Welcome to the School of Art October Newsletter.
 
Another busy month for the school's students, staff and alumni. 
 
Congratulations to staff Dr Philip Samartzis for his Australian Antarctic Division Arts Fellowship and Martine Corompt for her Melbourne Art Trams commission. Likewise to Luci Lee, a Diploma of Visual Arts student in Vocational Education for winning the Moreland Prize at Artland on RMIT's Brunswick campus and to all the other School of Art students selected for the exhibition. 
 
The School of Art's Hong Kong undergraduate and Masters programmes continue to flourish.

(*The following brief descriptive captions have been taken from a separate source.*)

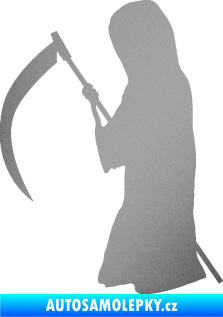 Samolepka Smrtka silueta s kosou levá stříbrná metalíza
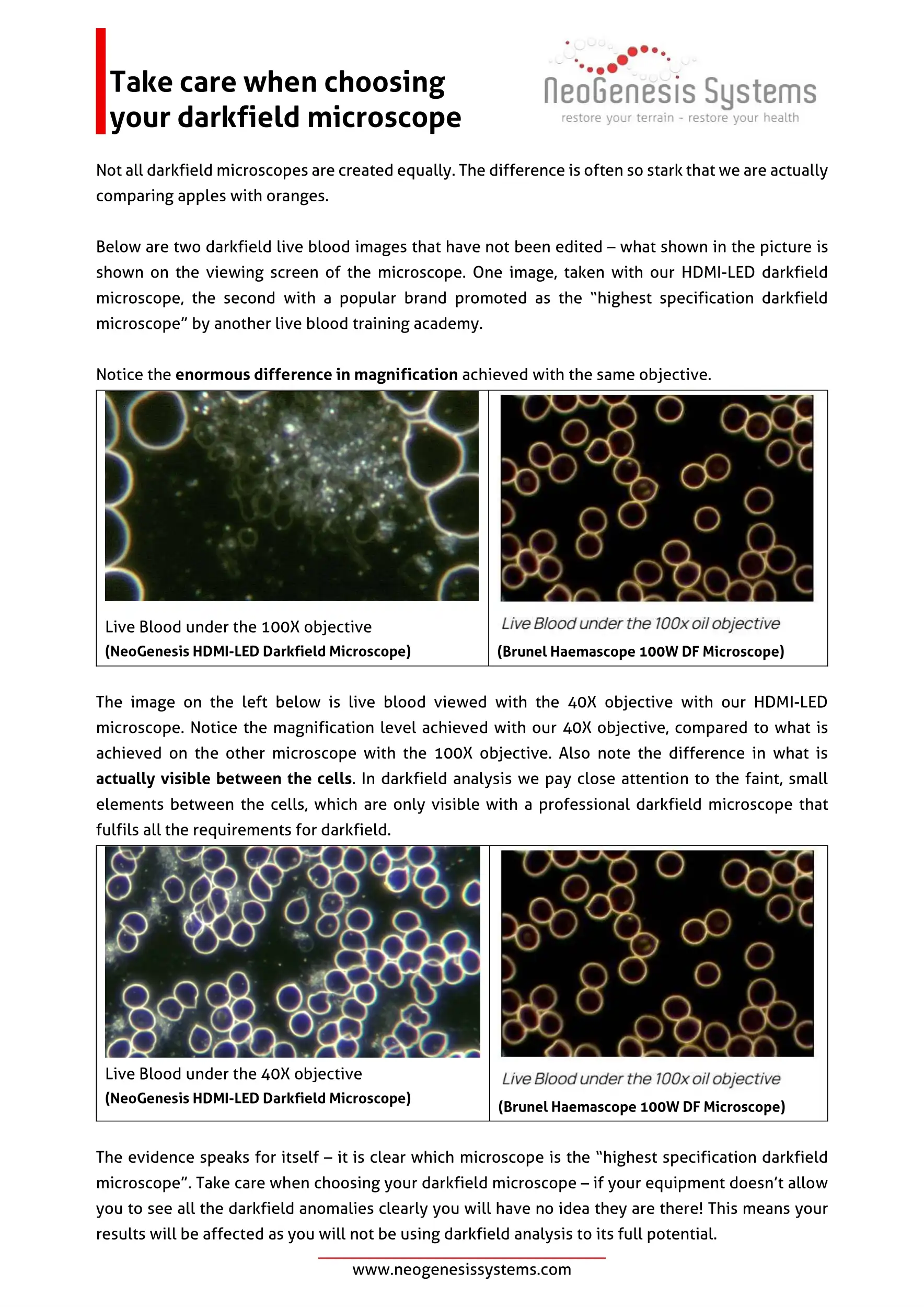 Choosing your darkfield microscope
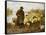 A Shepherd and Sheep by a Lake-Julius Hugo Bergmann-Framed Stretched Canvas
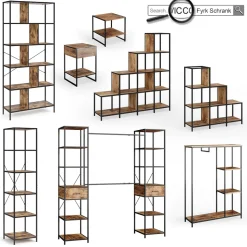 Kleiderschrank Fyrk Eiche rustikal 119.5 x 189 cm Vicco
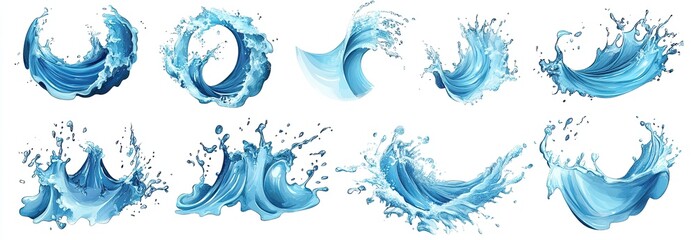 water, wave, vector, sea, illustration, design, pattern, splash, ocean, blue, art, flower, nature, drop, decoration, floral, liquid, icon, symbol,  wallpaper, waves, color, shape, backdrop, Background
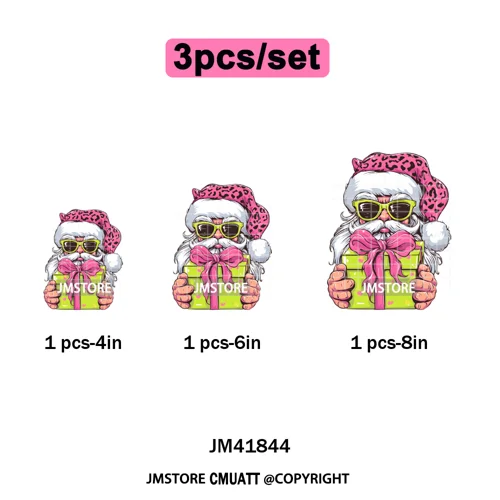Pink Cartoon Glasses Coffee Drink Leopard Blowing Santa Claus Christmas Iron on DTF Transfer Stickers Ready to Press for T-shirt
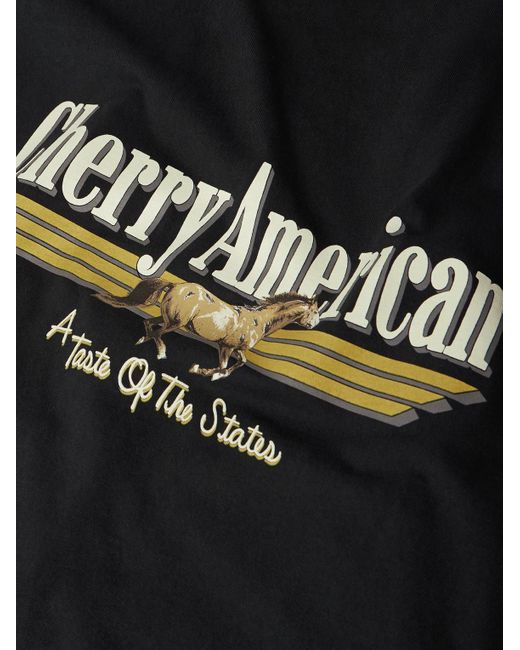 CHERRY LA Black Coast To Coast Printed Cotton-Jersey T-Shirt for men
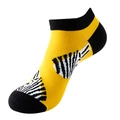 Gele lage katoenen sokken met zebrapatroon en contrasterende zwarte hiel en teen - Eén maat / C13 (Heldere Geel Zebra)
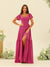 A-Line/Princess Ruffles Floor-Length Short Sleeves Bridesmaid Dresses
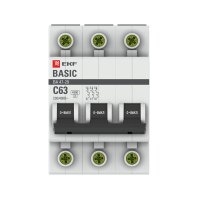 Автоматический выключатель модульный EKF Basic ВА 47-29 3P 63А тип C 4,5 кА 400 В (mcb4729-3-63C)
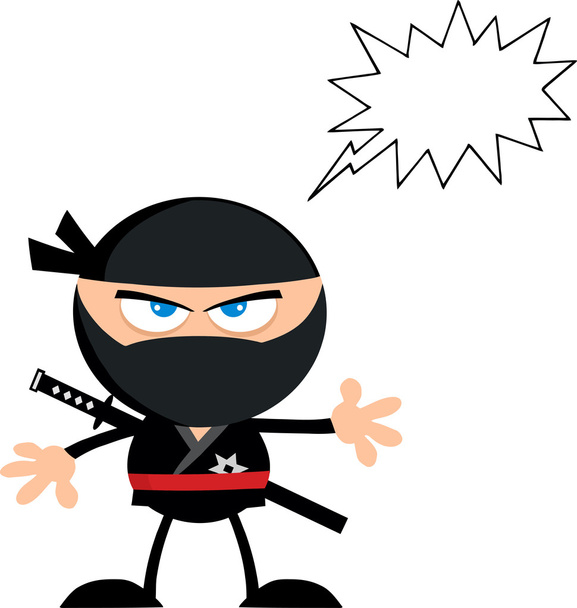 Dühös Ninja harcos rajzfilmfigura - Vektor, kép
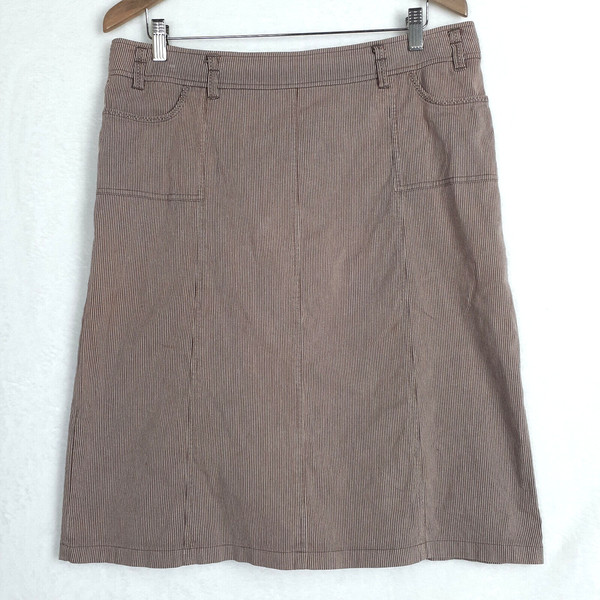 W. Lane Skirt Womens Size 14 Red, Beige Striped Knee Length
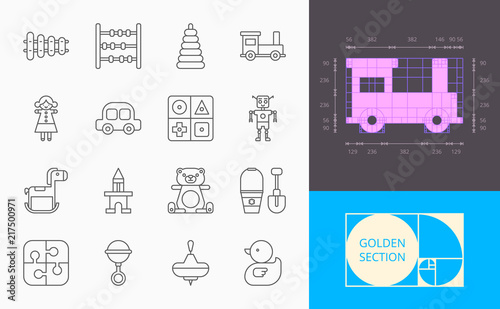 line toys icons on a white background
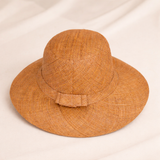 Flat Brim Raffia Sunhat in Wheat Madagascan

It was my pleasure to open the graduation show for Master of Fine Art students in September. The School of Art has been delivering its programmes in Hong Kong for 17 years graduating a generation of outstanding artists changing the face of contemporary art in Hong Kong. 
 
As you will see other staff and students have been active locally and across the globe continuing the School of Art's presence in the international art scene. 

Professor Julian Goddard
Head of School
Student and Alumni news

"This Time: 

Master of Fine Art Graduate exhibition opened on 11 September in Hong Kong. Six artists graduated showcased artworks with wide-ranging individual concerns in life such as the passing of time, embodied identity, the physical landscape and the interior landscape of the mind, while connecting us to a shared human quality of connecting both the world we live in and to each other. Professor Julian Goddard, Head of School opened the exhibition.
 

 

International Parking Day

Friday September 18 was International Parking Day.
 
Students from RMIT University's Advanced Diploma of Visual Art undertaking Public Art studios developed and installed a series of works that were temporarily installed on the Esplanade, St Kilda near Alfred Square.
 
RMIT University's Centre for Art, Society and Transformation (CAST) is currently working with the City of Phillip exploring how art in public spaces can explore perceptions of safety in the Urban Laboratory.  Parking Day was an additional element to the research that mentored students in re-imagining public space.
 
Students purchased parking tickets and instead of parking a car they installed their art works.  

Image:  Lily Nguyen - Camera Obscura - Lily invited people to see Port Phillip in a whole new perspective through the upside down world of the camera obscura.

Artland

Congratulations to Diploma of Visual Arts student Luci Lee who was awarded the Moreland Prize at Artland at RMIT Brunswick campus. Artland is an annual exhibition of site-specific artworks at RMIT Brunswick campus. Selected artists included Adam Wilkinson, Charlie Bucher, Madeline Simm from the Diploma of Visual Arts,  Sabrina Yakima and Lily Nguyen from Advanced Diploma of Visual Arts, Bachelor of Arts (Fine Art) students Hans Van Hans, Jess Mason, Jake Coghlan, Mitchell Jones and Stephanie Granlund, Molly Braddon - Master of Arts (Art in Public Space) and Shaun-Joel Liew from Master of Fine Art (coursework).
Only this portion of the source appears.